It's important to note that the DAG synchronization process varies across nodes due to factors like network topology. The synchronization allows nodes to agree on a consistent state while message sending, replication, and relaying continue unhindered—new messages are replicated for the upcoming block without interruption.

Following the consensus-DAG synchronization, nodes will also independently perform live-DAG sync. This process is separate from consensus-DAG synchronization and allows nodes to provide optimal service to clients and users. It's worth mentioning that further engineering optimizations will be explored to efficiently maintain and synchronize these two DAGs.

Block Construction & Validator Set

After the consensus-DAG synchronization, the CNs proceed to construct the block, and make it accessible to the network through an API endpoint.

For instance, the constructed block can be accessed through the URL format: "URL/2345/constructed_block", where "2345" represents the current block number, universally known across the network.

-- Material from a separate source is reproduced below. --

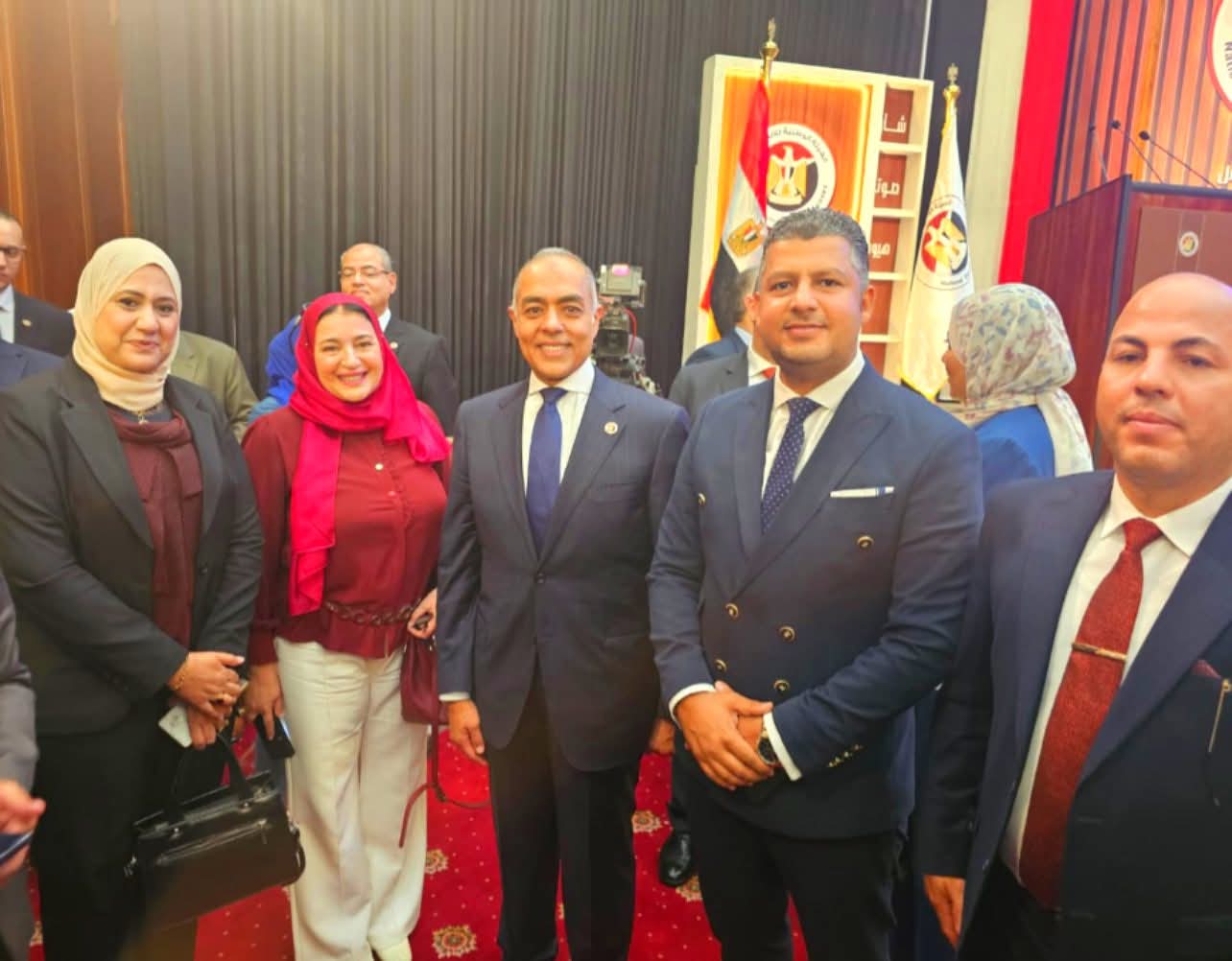 مجلس الشباب المصري يُشيد بخارطة طريق انتخابات مجلس الشيوخ ويؤكد جاهزيته لدعم نزاهة العملية الانتخابية مجلس الشباب المصري يُشيد بخارطة طريق انتخابات مجلس الشيوخ ويؤكد جاهزيته لدعم نزاهة العملية الانتخابية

As the consensus time approaches, which is every N+Δ external block where N is the block at cut-off time and Δ is a fixed delta, the CNs run a validator set selection algorithm. They interact with the staking smart contract to get up-to-date stake details for the top staked nodes and an asynchronous random selection of eligible CNs (irrespective of stake) that meet minimum staking requirements. This requires uniform randomness across the network, which is obtained through the block hash of the N+Δ external block as specified above. Another round of deterministic random selection among the validator set is run to designate one node as the block proposer (leader). It is important to note that participation in consensus is not mandatory for full nodes. Nodes that have not completed synchronization by the consensus time can choose to not participate in that particular round. To ensure an active leader node exists, the validators check the API endpoint of the constructed block for the selected leader. If it is not active, an alternate node is chosen as the leader.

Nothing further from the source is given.